WHAT IS EXPECTED:
Give again, word for word, the lines below that run from the line with "Marauder - Elegy Of Blood (CD)" through the line with "WHEELS CAPS: A". Drop the pictures.

MATERIAL PROVIDED:
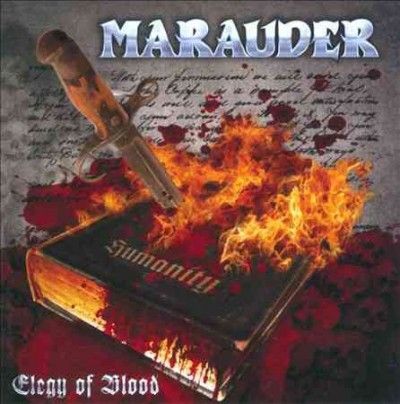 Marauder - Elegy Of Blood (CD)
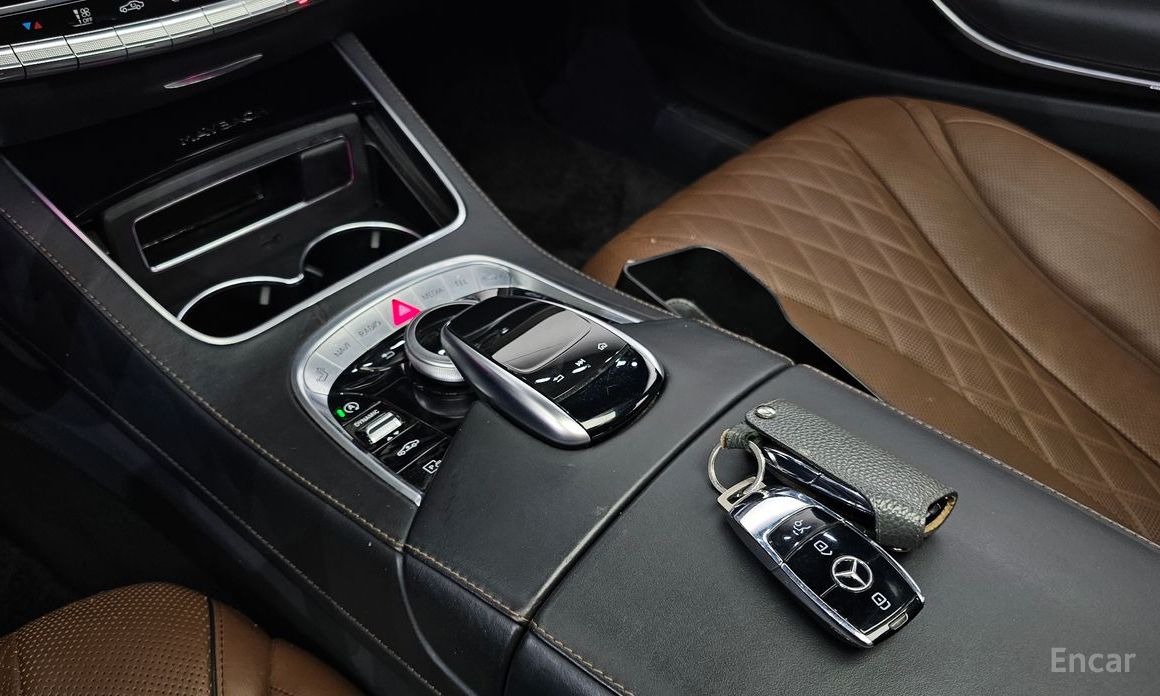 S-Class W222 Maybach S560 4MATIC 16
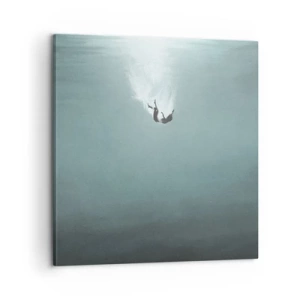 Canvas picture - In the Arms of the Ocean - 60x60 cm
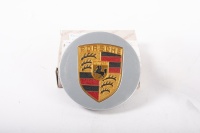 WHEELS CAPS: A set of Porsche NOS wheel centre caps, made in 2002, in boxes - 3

* * *

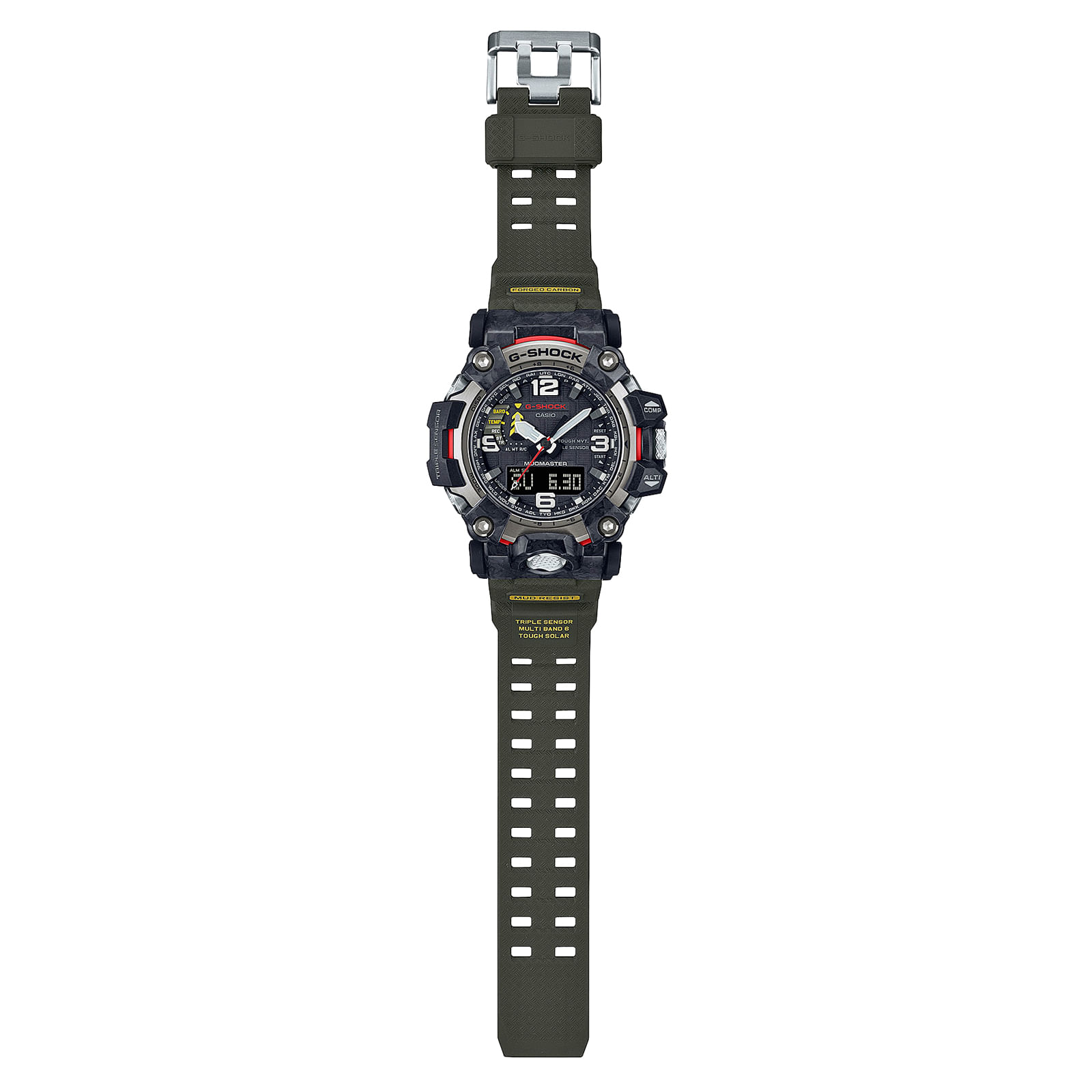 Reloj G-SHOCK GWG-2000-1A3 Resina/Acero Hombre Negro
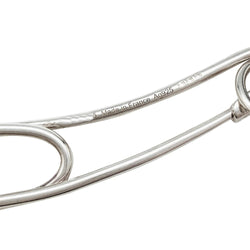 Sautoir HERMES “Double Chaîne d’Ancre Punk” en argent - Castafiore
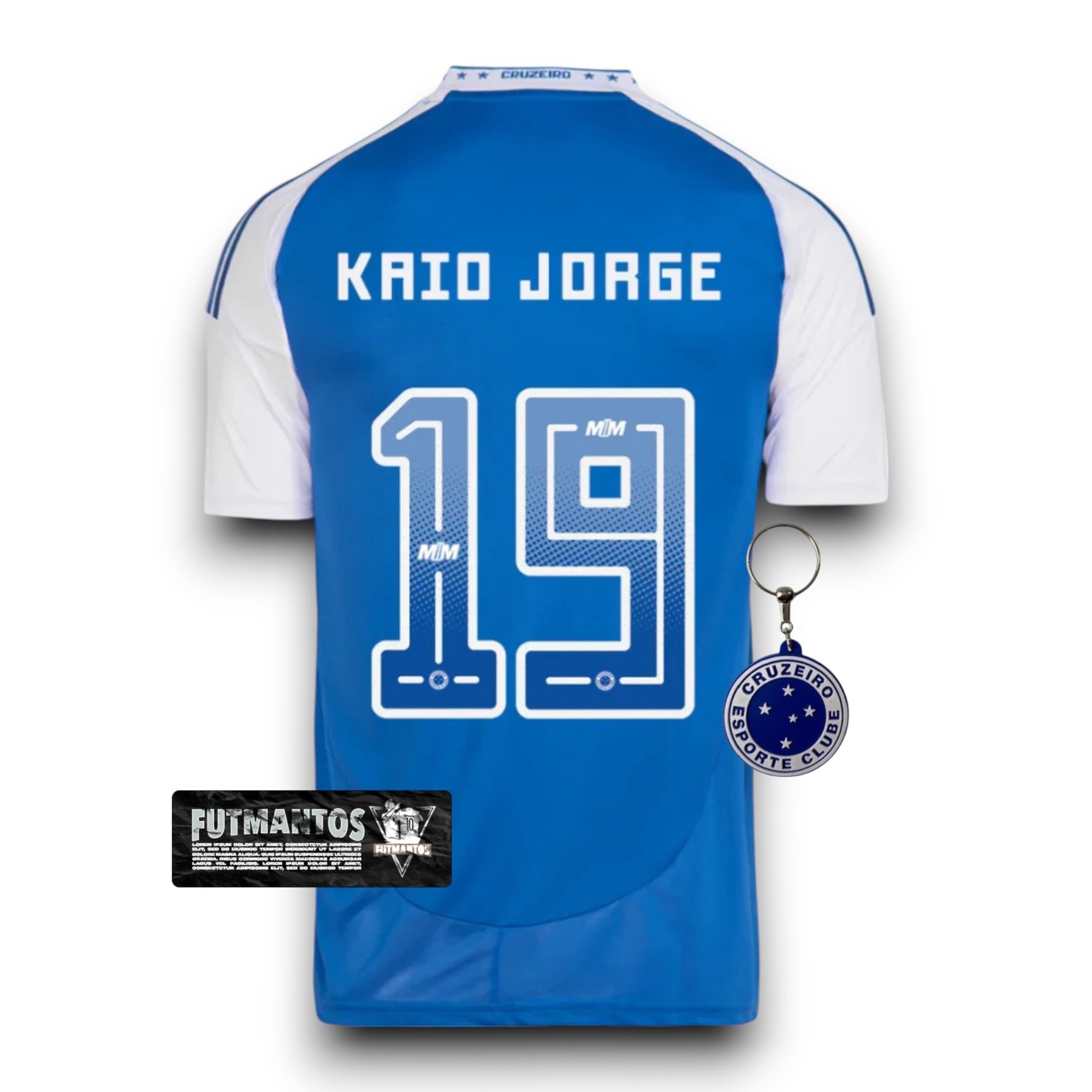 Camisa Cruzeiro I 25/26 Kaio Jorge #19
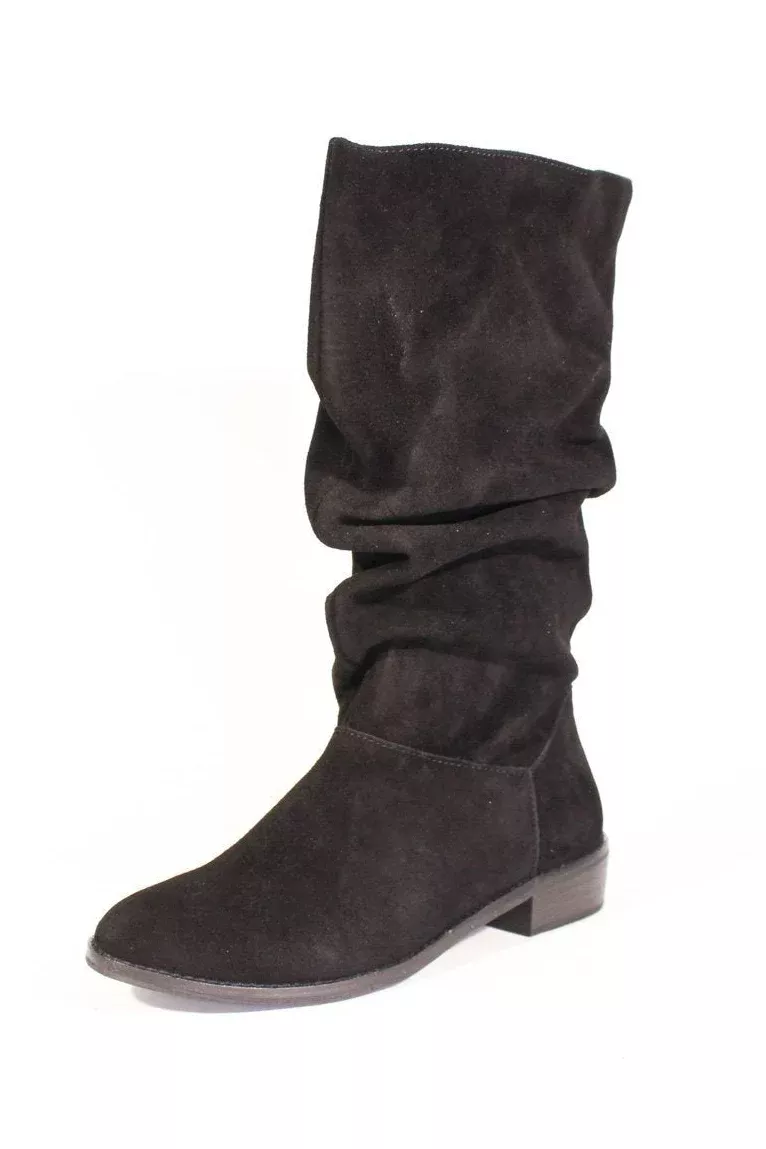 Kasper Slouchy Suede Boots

RESPONSE BELOW:
 Marauder - Elegy Of Blood (CD)
 S-Class W222 Maybach S560 4MATIC 16
 Canvas picture - In the Arms of the Ocean - 60x60 cm
 WHEELS CAPS: A set of Porsche NOS wheel centre caps, made in 2002, in boxes - 3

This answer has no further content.